先日、東京池袋で行われた、すまい・建築・都市の環境展「エコビルド」に行ってきました。様々な企業が参加しており、環境に対する企業の関心の高さがうかがえました。その中で私自身、興味を持った建材を2点程お知らせしたいと思います。

1つは断熱材であります。以前のクローズアップで外断熱・内断熱の話をしましたが、今回はその断熱材の原料です。現在、一般住宅の断熱材はグラスウールを原料としたものが主流です。しかしこれからの断熱材の原料として注目なのは「紙」です。しかも100%再生紙です。

紙で本当に断熱できるの?と思われる方が多いかもしれませんが、表を見ていただくとわかるようにグラスウールと比較しても、意外にも熱伝導率が低いのです。

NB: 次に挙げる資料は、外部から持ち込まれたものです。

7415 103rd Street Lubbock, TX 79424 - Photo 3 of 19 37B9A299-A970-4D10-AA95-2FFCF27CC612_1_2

○断熱材の比較と評価(富士環境システム株式会社パンフレットより抜粋)


紙の断熱材の考え方は、カマキリや足長蜂の巣と同じ独立空気層の構造としているので、温度差が大きくなっても対流による熱移動はあまりありません。従って熱や水分の移動を最小限に抑えることができるのです。

防火性は良くありませんが、リサイクルはしやすく製造時のエネルギー投入量も少なくてすみますので、環境にやさしい材料といえます。